Although most software vendors advise companies to install every patch that is issued, Cheney said, "with many organisations using hundreds of servers, it is unrealistic to expect them to update every server with every new patch." If installing patches and updating systems for security vulnerabilities overwhelms IT managers, Cheney recommends that they start with public-facing systems such as internet sites and web portals.
And while companies like Microsoft have attacked the problem of patch management with several recent automated tools, Cheney said automated installation and downtime related to rebooting servers after patches are installed are major challenges the security industry must still address.
An IT manager at a large commercial banks in the Northeast, who spoke on condition of anonymity, said there are often more changes and details to track than there are people to do the work.

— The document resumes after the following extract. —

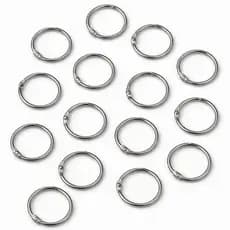 Pacote Com 12 Argolas Articulada 4cm (40mm) Prata Ou Dourada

As a result, a security "exposure or misconfiguration is always possible," the manager said.
In most cases, however, these exposures and misconfigurations are obscure flaws in the logic that don't enable hackers to gain entry, but instead lock legitimate users out of the network, the bank IT manager said.
In a recent interview, David John, first vice president and CIO of Bayerische Landesbank Girozentrale, a Munich-based bank with offices in the US, acknowledged the importance of having enough human resources to get the job done properly.
"Although IT security and infrastructure are necessary, they often neglect the obvious fact that no matter how sound your design, without administrators, operators and required support personnel, what good is it?" said John.
Landesbank is currently researching metadirectories to simplify administration and free up resources to concentrate on security, he said.
John Pescatore, an analyst at Stamford, Connecticut-based Gartner, said the recent economic downturn, combined with the heightened sense of security awareness, has forced many of his corporate clients to increase their focus on intrusion detection and managed vulnerability scanning.